The ubiquity of Mg²⁺ in RNA structure and dynamics arises because Mg²⁺ is small and divalent. The small size of Mg²⁺ allows it to interact more closely with RNA than larger ions [8, 9]. Because Mg²⁺ is divalent, only half as many Mg²⁺ as monovalent ions must be localized around RNA to balance its charge, allowing twice the entropic cost to be paid per ion [7, 10]. Consequently, Mg²⁺ can outcompete monovalent ions present at much higher concentrations to associate with RNA. The divalence of Mg²⁺ also allows it to induce effective attraction between otherwise repulsive phosphates [10–12]. As a result, Mg²⁺ strongly favors compact RNA conformations [10], and can slow kinetics by raising the free energy of less compact transition states [13]. In many cases, changing Mg²⁺ concentration can switch stability between two conformational basins [14–17]. Electrostatic models capable of describing Mg²⁺-RNA interactions are needed to connect with these experiments and to describe the RNA energy landscape.

The simplest model of electrostatics in ionic solutions is Debye-Hückel electrostatics, in which the ion density is given by the linearized Boltzmann distribution, and dielectric heterogeneity and ion accessibility are neglected. Coarse-grained models of RNA have used a Debye-Hückel treatment of KCl [18, 19]. Such a treatment is not ideal for Mg²⁺ because the linearized Boltzmann distribution is a poor approximation for strong Mg²⁺-RNA interactions near RNA. In addition, Debye-Hückel is unable to produce the effective attraction between phosphates that Mg²⁺ can induce.

Nonlinear Poisson-Boltzmann (NLPB) electrostatics [20–22] removes most of the Debye-Hückel approximations at greater computational expense. NLPB is a mean field treatment, and neglects ion-ion correlations [23, 24] and ion size effects [25–27]. For monovalent ions where these correlations are weak, NLPB performs well, but is less accurate for divalent Mg²⁺ [26, 28]. The tightly bound ion model [24, 29] accounts for ion-ion correlations, and captures the ionic atmosphere well, but is a Monte Carlo technique, and has not yet been adapted for molecular dynamics.
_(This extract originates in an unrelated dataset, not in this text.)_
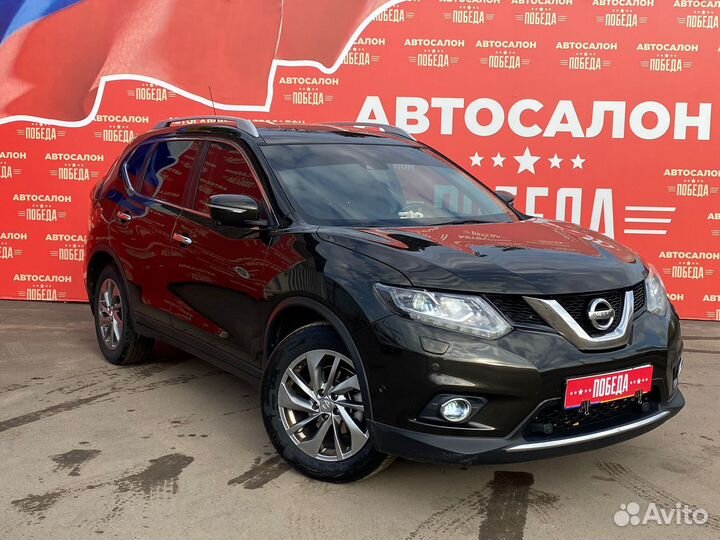 Nissan X-Trail 2.5 CVT, 2015, 132 000 км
Manning counterion condensation theory [7, 30, 31] can describe nonlinear effects near the RNA, but is typically limited to low concentrations and linear or helical RNA geometry.

We recently developed a coarse-grained model with explicit Mg²⁺ and implicit KCl that revealed the importance of accounting for competition between Mg²⁺ and condensed KCl [32]. As a first approximation, KCl condensation was treated as a static function of Mg²⁺ concentration and fit to native basin experimental data. This approximation rendered the model only valid for native basin fluctuations of experimentally characterized RNA. A dynamic, physics-based description of KCl condensation is needed for the model to have any predictive power.

In this letter, we introduce a generalized Manning counterion condensation model that describes folded RNA at physiological ionic concentrations. Mg²⁺ is treated explicitly to account for ion-ion correlations, while KCl condensation is described by the generalized Manning model. We add the electrostatic model to a coarse-grained model of RNA to capture native basin fluctuations. The coarse-grained model is an all heavy atom structure-based model [32–34] with a theoretical base in the energy landscape theory of protein folding [35–37]. The model is in good agreement with experimental measurements of the ion atmosphere within the native basin for several compact RNA molecules at varying KCl and Mg²⁺ concentrations. The model is also applicable beyond the native basin, and the implicit treatment of KCl makes the model computationally inexpensive.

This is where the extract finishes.